Mr. Peters said Warburg used to see only a few such deals in a given year, but handled more than 20 in 2011. “That’s a lot of deals,” he said. “But if escrow is a way for a board to get comfortable with a buyer, I’d much rather have that than a board turndown.”
Steven D. Sladkus, a Manhattan co-op and condo lawyer, says most buyers who have the wherewithal will agree to escrow accounts, “because it’s still their money and in most cases, they’ll get it all back if they pay faithfully for a year or two years.” In some cases, though, buildings ask to maintain the escrow indefinitely.
But Jessica Cohen, an executive vice president of Prudential Douglas Elliman, says some buyers take offense when they get an escrow request. “They see it as the board considering them unfit to buy without an insurance policy,” she said.

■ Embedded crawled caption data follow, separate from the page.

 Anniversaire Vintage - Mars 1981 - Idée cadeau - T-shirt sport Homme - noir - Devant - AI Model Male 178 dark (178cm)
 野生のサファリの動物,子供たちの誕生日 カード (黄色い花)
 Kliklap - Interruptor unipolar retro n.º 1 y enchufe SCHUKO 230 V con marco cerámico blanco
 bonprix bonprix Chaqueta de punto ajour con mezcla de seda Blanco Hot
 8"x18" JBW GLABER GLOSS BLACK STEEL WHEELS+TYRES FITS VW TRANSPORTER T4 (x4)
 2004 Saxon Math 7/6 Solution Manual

Ms. Cohen estimated that about a third of her deals last year involved an escrow request, so she now routinely mentions the possibility to all her buyers. “It’s better to let them know it’s a possibility rather than have it come up as a surprise at the point of a board approval and risk having the deal fall apart,” she said.
Brokers and property managers said that these days, deals that used to take a month can take two to three months, as boards request a second or third year’s worth of tax returns and other financial documents or an escrow account. Boards have also become much more selective in other ways.

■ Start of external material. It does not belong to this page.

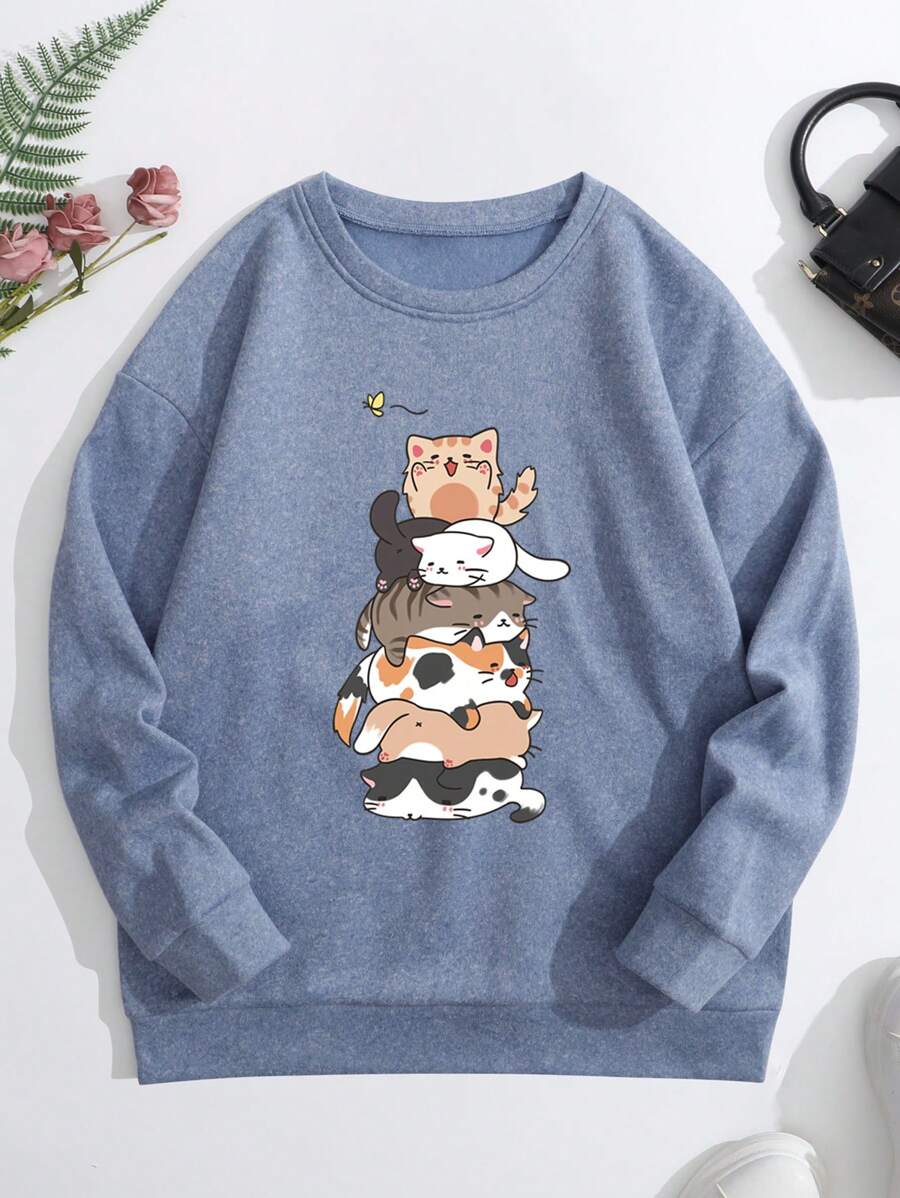 SHEIN Qutie Đồ họa Hoạt hình Lót nhiệt Áo nỉ - Màu xanh bụi bặm - Xem 1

“People that would have passed boards two years ago, offering to pay all cash, aren’t passing now,” said Leslie Modell Rosenthal, a managing director at Warburg. Some condos now frown on investors, she said, even though that category of buyer has helped sustain condos for years. Other buildings that routinely approved purchases involving parental guarantors are no longer doing so.

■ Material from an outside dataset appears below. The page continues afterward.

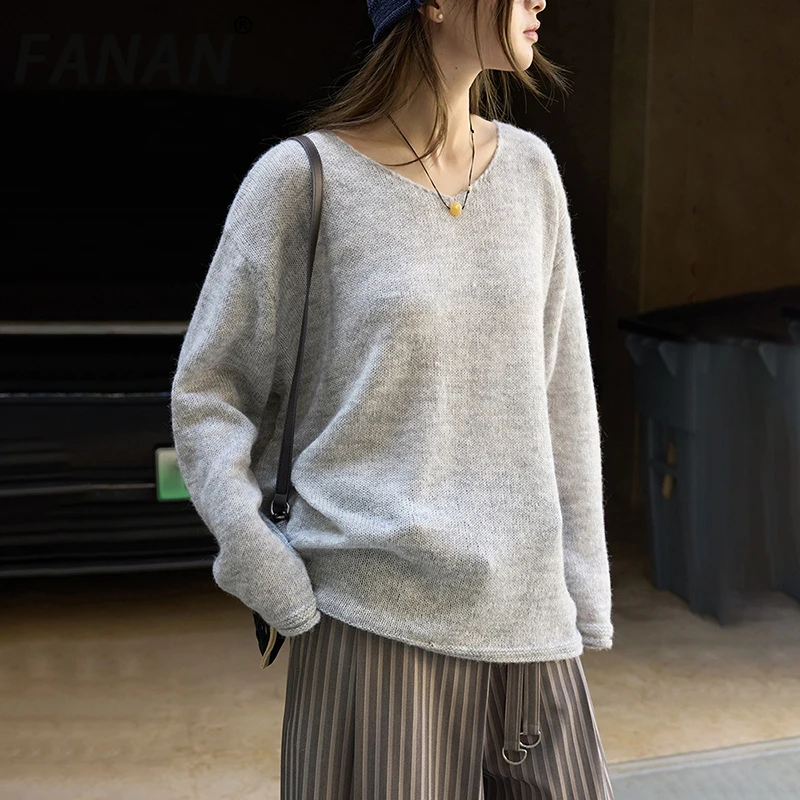 

FANAN Fashion Wool Knitting Pullover Sweater For Women V Neck Long Sleeve Casual Loose Tops Office Lady Clothes 2025 Autumn New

“Even if there isn’t an outright rejection,” Ms. Modell Rosenthal said, “some boards will drag their feet to the point where the buyer gives up and goes away.” Boards are not required to give their reasons for turning down an applicant, but brokers say it is often because they feel he or she has too much debt, not enough liquidity or not enough of a job history.
Although some high-priced exclusive buildings have sought buyers with liquid assets of two to three times the purchase price of an apartment, buildings have typically expected them to have about two years’ worth of mortgage and maintenance in liquid assets, or $50,000 to $100,000, depending on the size of the apartment. But today, brokers say, many more buildings want buyers to have several hundred thousand dollars in liquid assets.
Ms. Modell Rosenthal said she worked with a 28-year-old buyer recently who had been turned down by an Upper East Side co-op board, she suspects because he was a single young man and his parents were paying all cash for the apartment.
“He was a truly lovely young man, and he had a three-year job history,” she said, “but he had no liquidity.” She decided to resubmit his board package after getting character references from his former neighbors, and the board eventually approved him. “I knew he was the right candidate for the building,” she said. “I just had to educate people that he was the right candidate. It shows that if you go back with enough ammunition, you can turn it around.”
Condos as a rule cannot reject buyers, though they can exercise a “right of first refusal,” which means the condo board can block the sale by opting to buy the property. But since many don’t have the financial reserves to buy apartments, they use stalling tactics more typically associated with co-ops.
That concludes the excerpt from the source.